Total RNA was extracted from mouse liver samples with the miRNeasy Mini kit (Qiagen, Inc., Valencia, CA, USA), according to the manufacturer's protocol. Following the quality and quantitation of RNA measurement with an RNA 6000 Nano kit (Agilent Technologies, Inc., Santa Clara, CA, USA), the samples (250 ng RNA/sample) were labeled using a miRCURY LNA™ microRNA Hi-Power Labeling kit (Hy3; Exiqon A/S, Vedbaek, Denmark) according to the manufacturer's protocol and subsequently hybridized onto a 3D-Gene® mouse miRNA Oligo chip (version 19; Toray Industries, Inc., Tokyo, Japan) according to the manufacturer's protocol. Scanning was performed with the 3D-Gene® Scanner 3000 (Toray Industries, Inc.). The 3D-Gene® extraction version 1.2 software (Toray Industries, Inc.) was used to read the raw intensities of the image. To determine changes in miRNA expression between Gal-9-treated and control samples, the raw data was analyzed using GeneSpring GX software, version 10.0 (Agilent Technologies, Inc.).

Statistical analysis

All analyses were performed using GraphPad Prism version 6.0 for Windows (GraphPad Software, Inc., La Jolla, CA, USA). Survival rate was analyzed using the log-rank test. Unpaired comparisons between groups were performed using the Mann-Whitney U test. Differentially expressed miRNAs were also determined with the Mann-Whitney U test. Hierarchical clustering was performed using the farthest neighbor method employing the absolute uncentered Pearson's correlation coefficient as a metric. A heat map was produced using the relative expression intensity for each miRNA, in which the base-2 logarithm of the intensity was median centered for each row. P<0.05 was considered to indicate a statistically significant difference and data are presented as mean ± standard deviation.

Results

Gal-9 prolongs overall survival in ConA-treated mice

Notably, in ConA-treated mice, the overall survival rate was significantly increased in Gal-9-treated mice compared with control mice treated with ConA + PBS (P<0.05; Fig. 1). No deaths were observed in the PBS-only and Gal-9-only-treated groups.

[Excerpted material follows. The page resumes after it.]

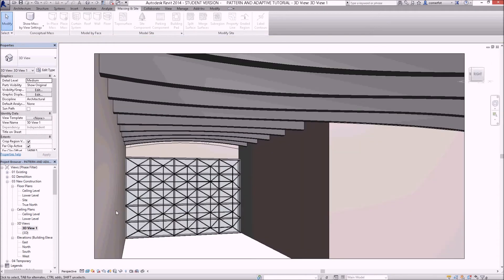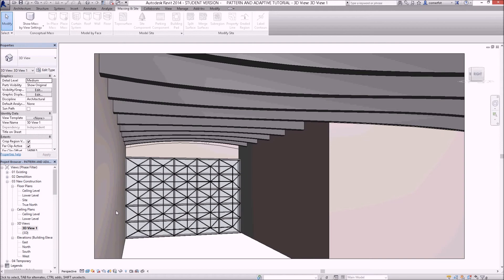Ok, well that's the tutorials in the adaptive components that you can do, any sort of adaptive type geometry that you want to click to other points that you have in the model. And also we did our pattern-based curtain wall family up there in the front.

Figure 1. Overall survival rates in ConA-treated mice in presence or absence of Gal-9. Mice were given a single intravenous injection of ConA (35 mg/kg body weight) and were observed for 48 h and checked for survival every 6 h. Gal-9 (100 µg per mouse) was injected subcutaneously immediately following the injection of ConA. The overall survival rate was significantly higher in Gal-9-treated mice compared with ConA-treated control mice. *P<0.05 vs. control. ConA, concanavalin A; Gal-9, galectin-9.

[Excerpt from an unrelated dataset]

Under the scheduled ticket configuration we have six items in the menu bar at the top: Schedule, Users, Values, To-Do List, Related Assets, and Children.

Gal-9 attenuates liver injury in ConA-treated mice

To determine the effects of Gal-9 on severe liver injury, liver enzymes were examined in the plasma of each group. Plasma ALT levels were significantly diminished in ConA-treated mice co-treated with Gal-9 compared with ConA-treated mice co-treated with PBS. No significant alteration in plasma ALT levels (within normal limits, <42 U/l) was observed between PBS-only and Gal-9-only groups (Fig. 2). Administration of ConA induced necrosis in the liver and congestion of blood in the spleens of ConA + PBS control mice. However, treatment in both the Gal-9 only and ConA + Gal-9 groups resulted in internal organs that were almost normal. Histologically, the necrotic areas in the livers of ConA + Gal-9-treated mice were significantly smaller compared with the ConA + PBS group (P<0.05; Fig. 3). In addition, no fibril formation was detected in either of these groups using Masson's trichrome staining (Fig. 4A).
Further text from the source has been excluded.